A Simple Electrode Insulation and Channel Fabrication Technique for High-Electric Field Microfluidics

TL;DR

This paper presents a simple, robust electrode insulation method for high-voltage microfluidic applications, utilizing multi-dielectric layers to withstand electric fields up to 1MV/m, enabling advanced electrokinetic techniques.

Contribution

It introduces a novel multi-dielectric insulation technique that enhances electrode robustness and reduces defects in high-voltage microfluidic devices.

Findings

Insulation can withstand up to 1000 V across 10 μm channels.

Breakdown strength varies with sodium chloride concentration.

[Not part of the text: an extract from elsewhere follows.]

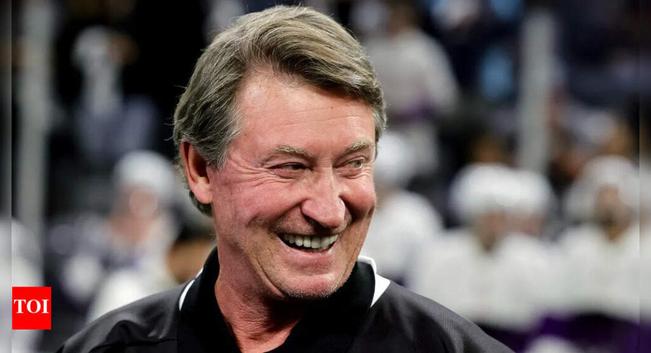 Wayne Gretzky humbly denies being the GOAT, praises today’s NHL stars and evolving game | NHL News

Effective adhesion technique improves channel sealing.

Abstract

A simple and robust electrode insulation technique that can withstand a voltage as high as $\mathrm{1000~V}$, which is equivalent to an electric field strength of $\sim 1MV/m$ across a $\mathrm{10~\mu m}$ channel filled with an electrolyte of conductivity $\sim 0.1~S/m$, i.e., higher than sea water's conductivity, is introduced. A multi-dielectric layers approach is adopted to fabricate the blocked electrodes, which helps reduce the number of material defects. Dielectric insulation with an exceptional breakdown electric field strength for an electrolyte confined between electrodes can have a wide range of applications in microfluidics, like high electric field strength-based dielectrophoresis. The voltage-current characteristics are studied for various concentrations of sodium chloride solution to estimate the insulation strength of the proposed materials, and the breakdown strength is calculated at the point where the electrical insulation failed. A detailed adhesion technique is also demonstrated, which will reduce the ambiguity around the fabrication of a sealed channel using SU-8.